PhD seminar - Mehrdad Jabbarzadeh Gangeh

Monday, April 15, 2013 2:00 pm - 2:00 pm EDT (GMT -04:00)

Candidate

Mehrdad Jabbarzadeh Gangeh

Title

Kernelized Supervised dictionary Learning

Supervisors

Kamel, Mohamed S. and Ghodsi, Ali (Stats)

Abstract

The representation of a signal using a learned dictionary instead of predefined operators, such as wavelets, has led to the state-of-the-art results in various applications such as denoising, texture analysis, and face recognition. The area of dictionary learning is closely associated with sparse representation and this means that the signal is represented using few atoms in the dictionary. Despite of recent advances in the computation of dictionary using fast algorithms such as K-SVD, online learning, and cyclic coordinate descent, which make the computation of dictionary on millions of data samples computationally feasible, the dictionary is mainly computed using unsupervised approaches such as k-means. These approaches learn the dictionary by minimizing the reconstruction error without taking into account the category information, which is not optimal in classification tasks.

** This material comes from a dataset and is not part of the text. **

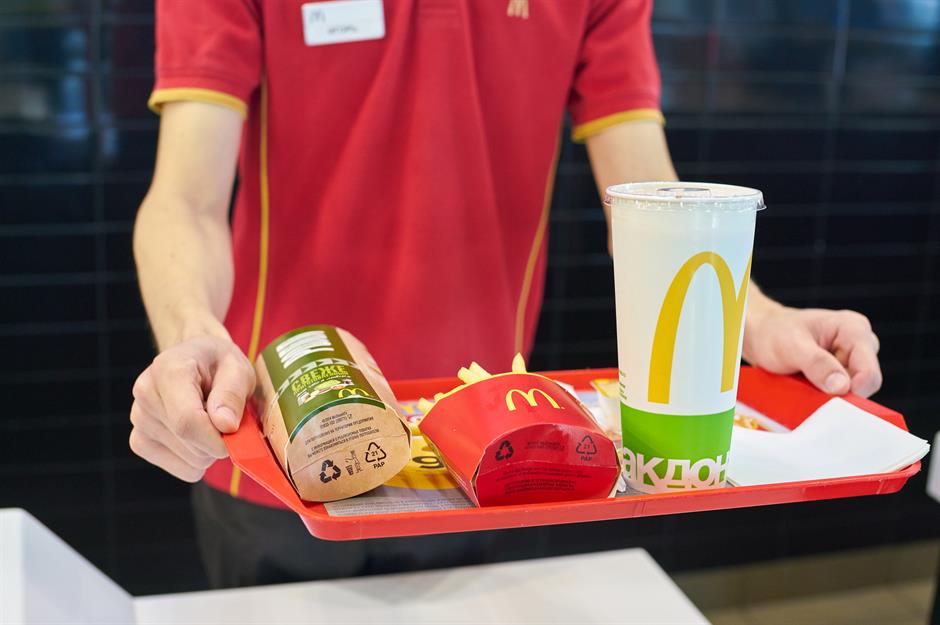 24 McDonald's secrets you probably don't know | lovefood.com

In this thesis, we propose a supervised dictionary learning (SDL) approach by incorporating information on class labels into the learning of dictionary. To this end, we propose to learn the dictionary in a space where the dependency between the signals and their corresponding labels is maximized. To maximize this dependency, the recently introduced Hilbert Schmidt independence criterion (HSIC) is used. The learned dictionary is compact and has closed form; the proposed approach is fast. We show that it outperforms other unsupervised and supervised dictionary learning approaches in the literature on real-world data.

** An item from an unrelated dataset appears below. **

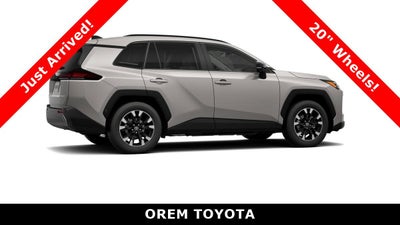 2026 Toyota RAV4 Limited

Moreover, the proposed SDL approach has this main advantage that it can be easily kernelized by incorporating a kernel, particularly a data-derived kernel such as compression-based kernels, into the formulation. In this thesis, we propose a novel compression-based (dis)similarity measure. The proposed measure utilizes 2D MPEG-1 encoder, which takes into consideration the spatial locality and connectivity of pixels in the images. The proposed formulation has been carefully designed based on MPEG encoder functionality. To this end, by design, it solely uses P-frame coding to find the (dis)similarity among patches/images. We show that the proposed measure works properly on both small and large patch sizes on textures. Experimental results show that by incorporating the proposed measure as a kernel into our SDL, it significantly improves the performance of a supervised pixel-based texture classification on Brodatz and outdoor images compared to other compression-based dissimilarity measures as well as state-of-the-art SDL methods. It also improves the computation speed by about 40% compared to its closest rival.